Thesis of Tamara El Hajjar


Subject:
Cloud-to-edge protection for enhanced privacy and resilience

Start date: 04/05/2026
End date (estimated): 04/05/2029

Advisor: Sara Bouchenak

Summary:

Federated learning (FL) is a promising paradigm that is gaining traction in the field of privacy-preserving machine learning for edge computing systems. With FA, multiple data owners, known as clients (for example, organizations in an inter-silo FA setting), can collaboratively train a model on their private data without having to transmit their raw data to external service providers. FA has been rapidly adopted in several thriving applications such as digital health, which generates the largest volume of data in the world. Decentralized learning (DL) goes a step further by offering serverless federated learning, where data is retained at the clients and no server is required. Thus, DL involves distributed and decentralized protocols to enable clients to build a global model. Although AD represents a first step toward protecting privacy by storing data locally on each client’s device, this remains insufficient because the model parameters shared by AD are vulnerable to privacy attacks, as demonstrated by recent research [8]. Furthermore, deep learning is more vulnerable to malicious behavior by clients who may inject corrupted information into the data and models, resulting in dysfunctional and unreliable deep learning models.

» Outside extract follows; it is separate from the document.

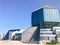 A large blue conceptual beautiful glass building in national library of Belarus. Republic of Belarus, Minsk, August 20, 2018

Recent studies show that robustness and privacy in deep learning can be trade-offs; treating them independently, as is generally the case, can have reciprocal negative side effects.
Consequently, a new multi-objective approach is needed to ensure the robustness of data-flow models and protect them against privacy breaches. This project addresses this challenge and aims to specifically tackle the issues arising at the intersection of privacy, robustness, and the utility of deep learning models, through: (i) new deep learning protocols; (ii) a multi-objective approach that balances privacy, robustness, and utility, as these objectives are often conflicting; (iii) the application of these techniques to deep learning in continuous edge-to-cloud systems.